Summary
In its second season, the Basketball Association of America was considerably revamped. Four of its original 11 teams, Cleveland, Detroit, Pittsburgh, and Toronto, were gone and the Baltimore Bullets were added.
The BAA staged two great division races.
In the Western Division, the St. Louis Bombers won by one game and the other three teams were all tied for second place. The Philadelphia Warriors also won by one game in the East, over the New York Knickerbockers, although the division's other two teams all finished far back. They were the only two teams in the league with losing records.
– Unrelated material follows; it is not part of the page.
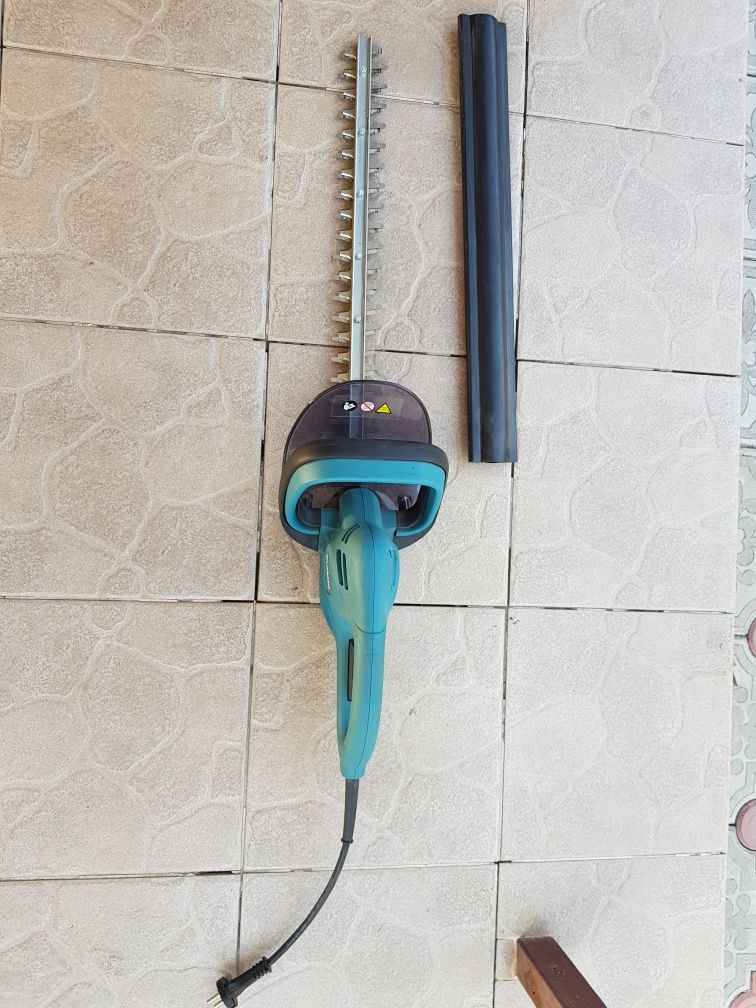 Продам кущоріз Макіта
The playoff format was even stranger than in the previous year. First, the three-way tie for second place had to be resolved. Chicago eliminated Washington in a one-game playoff and Baltimore then knocked off Chicago in their playoff game.
Then came the real playoffs. Baltimore beat New York in the best-of-three series between second-place teams and Chicago beat Boston in the third-place contest.
In the semifinals, the first-place teams again met in a best-of-seven series, with Philadelphia beating St. Louis, while Baltimore swept its best-of-three series against Chicago.
Then, for the second year in a row, a second-place team won the league championship as the Bullets dethroned defending champion Philadelphia in six games.
Joe Fulks once again led the league in scoring average, but wasn't the scoring champion. That honor was based on total points. Because Fulks missed five games with an injury, he finished behind Max Zaslofsky of Chicago in that category.